If applicable, choose a comparison value or a threshold for the alert to be triggered.
### For
Select a duration for a trigger alert when the expression value crosses the threshold longer than the configured duration.
### Send a
Select the urgency level of the alert.
- **Critical**: Most urgent
- **Warning**: Normal urgency
- **Info**: Least urgent
Select the urgency level of the alert based on its impact on operations. For example, an alert triggered when a node's load expression ```sum(node_load5) / count(node_cpu_seconds_total{mode="system"})``` raises above 0.6 deems an urgency of **Info**, but 1 deems an urgency of **Critical**.
### Advanced Options
By default, the below options will apply to all alert rules within the group.

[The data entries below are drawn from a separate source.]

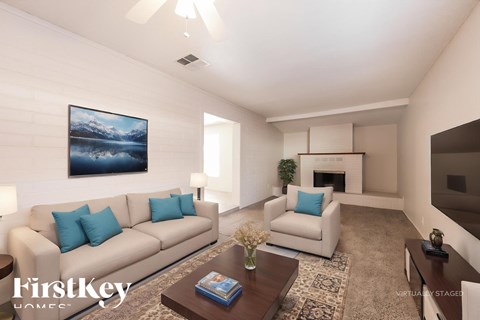 A living room with a couch, a coffee table, and a painting on the wall.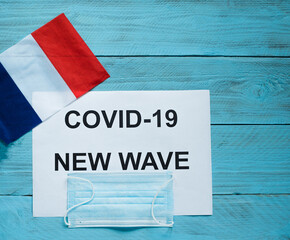 Fototapeta na wymiar On a blue wooden background is a sheet with the inscription: covid -19 new wave, a medical mask and the flag of France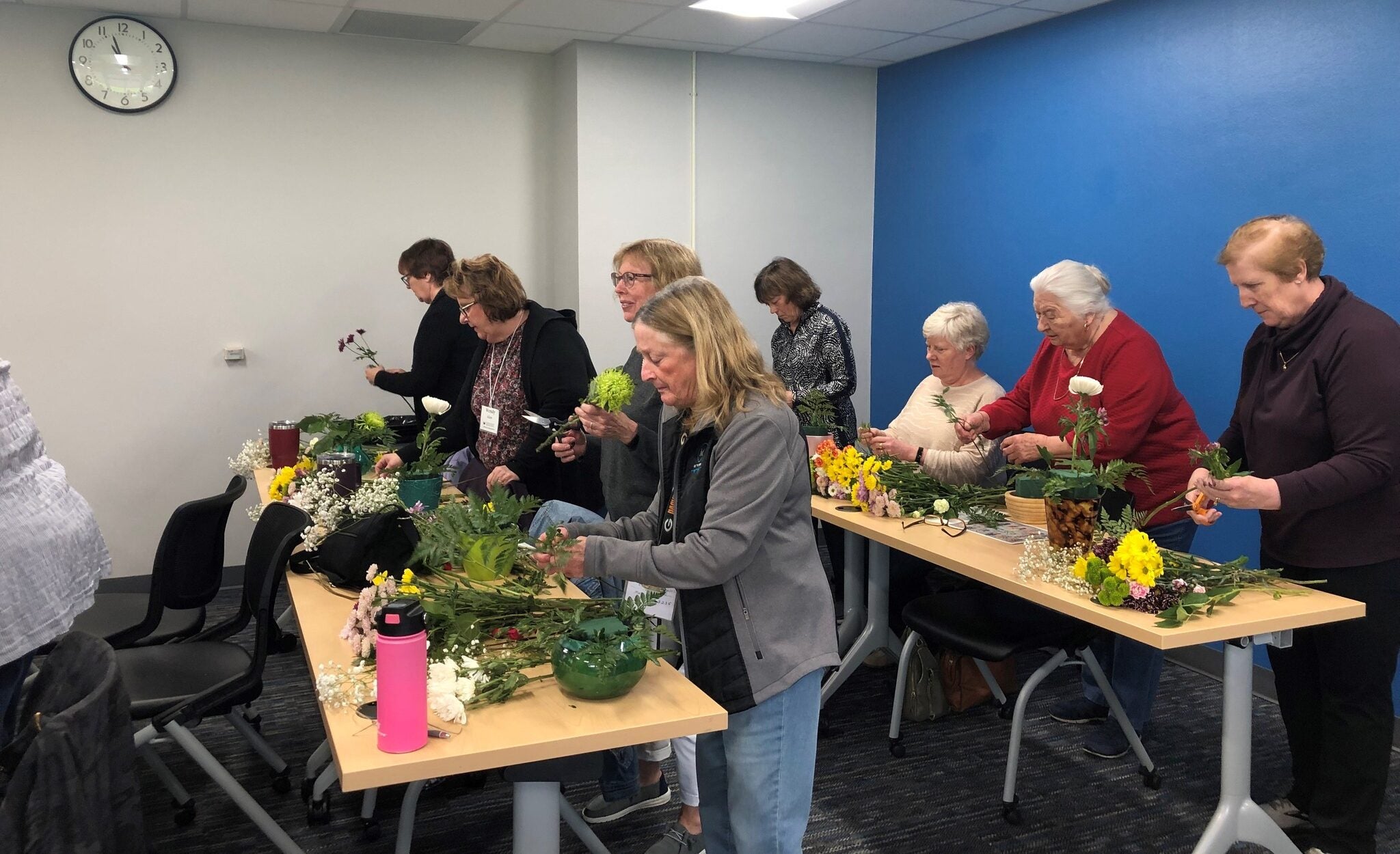 A group of people stand at tables in a classroom arranging flowers and greenery, with supplies and finished arrangements visible. A clock and blue wall are in the background.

You can disable these advanced options when configuring a specific rule.
- **Group Wait Time**: How long to wait to buffer alerts of the same group before sending initially, default to 30 seconds.
- **Group Interval Time**: How long to wait before sending an alert that has been added to a group which contains already fired alerts, default to 30 seconds.
- **Repeat Wait Time**: How long to wait before re-sending a given alert that has already been sent, default to 1 hour.